The Broken Sword, Poul Anderson’s first fantasy novel after establishing himself in science fiction, appeared in 1954 from publisher Abelard-Schuman. It received one lonely printing, and today a hardcover copy in good condition can fetch over two hundred dollars. Until British publisher Gollancz released a trade paperback reproduction in 2000 as part of its Fantasy Masterworks series, this first printing was the only way to experience the novel in its original format. Anderson revised The Broken Sword for the Lin Carter-produced Ballantine mass-market edition in 1971. He intended this rewrite to supplant the original, and it almost succeeded. The new edition turned into enough of a success to go through many reprintings through the ’70s and ’80s, and this version remains the one familiar to fantasy readers.
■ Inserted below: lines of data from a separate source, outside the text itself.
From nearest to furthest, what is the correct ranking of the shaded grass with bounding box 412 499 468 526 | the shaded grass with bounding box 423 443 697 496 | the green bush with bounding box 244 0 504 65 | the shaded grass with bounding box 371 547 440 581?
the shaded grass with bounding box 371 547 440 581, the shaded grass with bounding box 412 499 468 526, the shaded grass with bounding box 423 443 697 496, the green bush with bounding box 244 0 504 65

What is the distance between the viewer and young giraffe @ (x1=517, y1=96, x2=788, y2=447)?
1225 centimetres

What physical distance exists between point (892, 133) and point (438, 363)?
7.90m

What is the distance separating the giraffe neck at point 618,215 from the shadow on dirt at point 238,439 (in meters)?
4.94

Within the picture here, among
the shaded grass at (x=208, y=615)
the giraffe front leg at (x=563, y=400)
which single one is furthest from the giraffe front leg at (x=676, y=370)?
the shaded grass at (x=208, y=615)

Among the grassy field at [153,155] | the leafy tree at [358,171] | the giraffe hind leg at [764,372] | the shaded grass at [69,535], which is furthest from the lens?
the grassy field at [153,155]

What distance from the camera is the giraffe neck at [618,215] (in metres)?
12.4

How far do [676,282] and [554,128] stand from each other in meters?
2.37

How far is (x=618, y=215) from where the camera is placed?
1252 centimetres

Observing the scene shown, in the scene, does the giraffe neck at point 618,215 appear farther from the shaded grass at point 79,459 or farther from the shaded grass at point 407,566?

Yet even with the exposure from the mass-market edition, The Broken Sword is still not familiar enough. Published the same year as the first two volumes of Tolkien’s The Lord of the Rings, Anderson’s modern Norse saga heralded a new age in fantasy: what had once been a genre either of pulp action or “adult fairy-tales” in the style of Lord Dunsany was emerging as a mainstream literary form that could attract beyond a niche audience. It influenced in particular Michael Moorcock, who acknowledged borrowing the concept of a cursed sword that controls its owner for his popular Elric character. But The Broken Sword has received meager critical appraisal since its first publication, and almost nothing has been written about the editorial changes Anderson made for the better-known 1971 edition.
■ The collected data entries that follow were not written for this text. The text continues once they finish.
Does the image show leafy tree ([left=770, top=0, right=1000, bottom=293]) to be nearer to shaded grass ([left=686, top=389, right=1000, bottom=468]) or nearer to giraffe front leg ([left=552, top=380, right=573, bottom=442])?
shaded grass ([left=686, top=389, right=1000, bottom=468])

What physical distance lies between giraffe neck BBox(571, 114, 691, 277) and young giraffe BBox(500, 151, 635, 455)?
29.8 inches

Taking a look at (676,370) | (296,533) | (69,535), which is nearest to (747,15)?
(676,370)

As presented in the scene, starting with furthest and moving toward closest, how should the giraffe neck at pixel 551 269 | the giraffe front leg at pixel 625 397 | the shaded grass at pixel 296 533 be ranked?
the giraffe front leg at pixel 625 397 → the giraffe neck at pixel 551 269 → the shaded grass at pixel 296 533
This article is a brief attempt to give credit to a classic that still lurks in the foggy fringes of fantasydom, as well as illuminate the difference between the two Broken Swords.
The Chill Winds of Fate
The cover of the first edition of The Broken Sword carries an explanatory subtitle: “An adventure story in the modern manner, with a bow to the old Icelandic sagas.” In tandem with the vague term ‘adventure story’ (which slights the fantastic elements), the phrase ‘modern manner’ appears to be a concession to potential buyers wary of a ‘stuffy’ or ‘old-fashioned’ work. The first edition had to sell to a generation of readers that knew fantasy only from pulp magazines — if they knew fantasy at all. Anderson’s introduction also makes excuses to its readers to provide a framework for what they are about to experience: “This is frankly a romance, a story of admittedly impossible events and completely non-existent places.” Tellingly, Anderson dropped this introduction for the second edition (except for an ambiguous concluding paragraph that sounds like a set-up for a sequel); 1971 readers no longer needed their fantasy worlds served with explanations. In the intervening seventeen years, a fantasy publishing boom made secondary world settings commonplace.
Anderson’s work can hardly be considered a ‘bow’ to Icelandic sagas, as the cover suggests. The chill air of the sagas blows through every aspect of the novel, from plot to language. The opening paragraph shows the tight bond between The Broken Sword and the literature of Iceland:
There was a man called Orm the Strong, a son of Ketil Asmundsson who was a great landsman in the north of Jutland. The folk of Ketil had dwelt in Himmerland as long as men remembered, and were mighty landowners. The wife of Ketil was Asgerd, who was a leman child of Ragnar Hairybreeks. Thus Orm came of good stock, but as he was the fifth living son of his father there could be no large inheritance for him.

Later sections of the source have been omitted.